I agree with Nick and Mat, hang on to what cash you have. However, you may want to get some things started while you are waiting on other things, depending on your timeline.

In my case, I went ahead and got all my permits and engineering plats, etc., started before I closed on the mortgage. In my area, these permits are taking quite a bit of time, and you could run into issues, so if your mortgage company wants you to finish your project within 9-12 months, you could end up spending 6-9 months just waiting on permits. I did not want to risk this, so I fronted the cash for that up front. HOWEVER, when I put in my final building budget to the mortgage company, I specifically DID NOT list those items as prepaid, I listed them as part of the draws. Because IF I did, the mortgage company would have considered that as money down. So, I waited til the mortgage closed and then immediately requested my draw (with proof) for engineering studies and permits. So I got my cash back right away to use for other things I had to pay before work could start, but was still able to get my project started earlier. I'm glad I did, because my permit fees were astronomical. I had not anticipated them to be that much, the county only gave me an estimate; it was double when the permit came in.

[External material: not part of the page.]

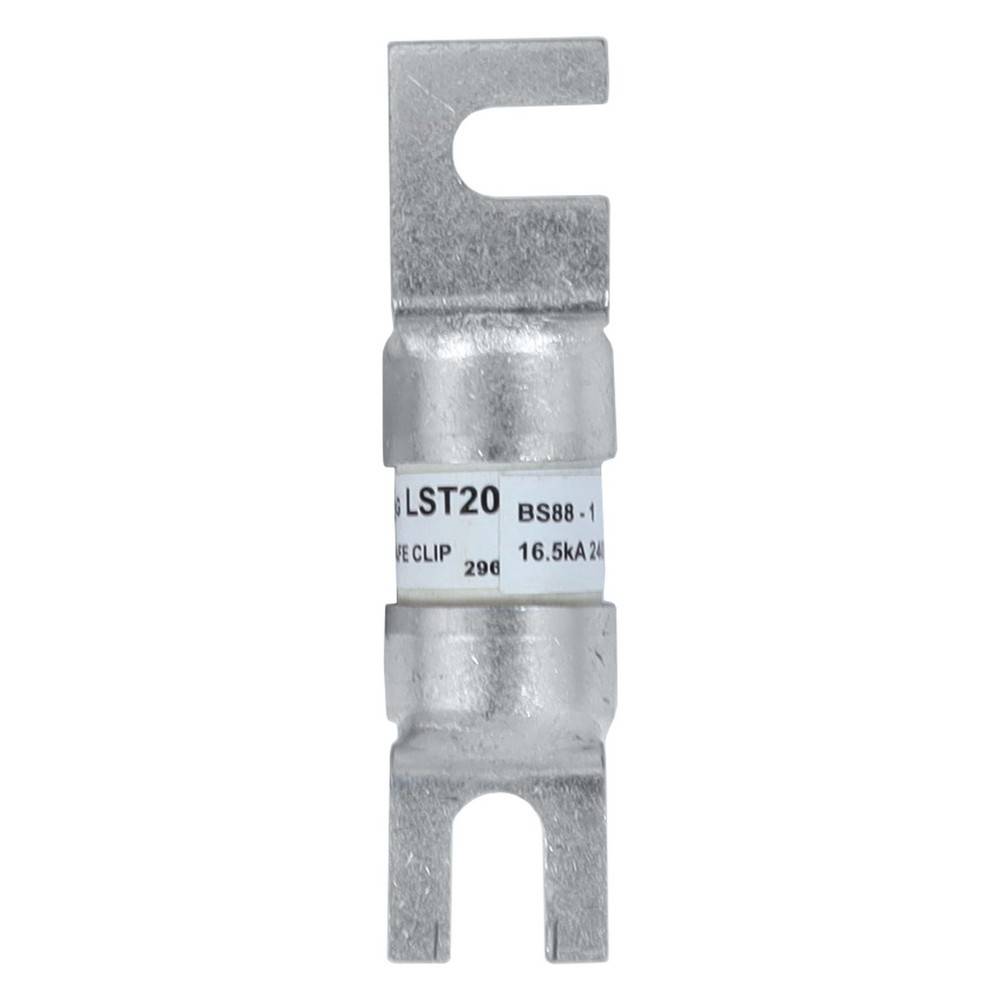 Silberpatronensicherung mit Metallendklemmen und Etikett mit der Aufschrift „LST20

As an O-B who is doing the interior finish work myself, I wanted my house up in four months after the loan closed so I would have 8 months to allow myself plenty of time (realistic time) to go at the interior stuff at my own pace, nights and weekends, without being rushed to finish everything in the time allotted by the mortgage company. How you set up your draws is very important early on. In my case I only had a small amount of working cash to start with, and I had to make it WORK.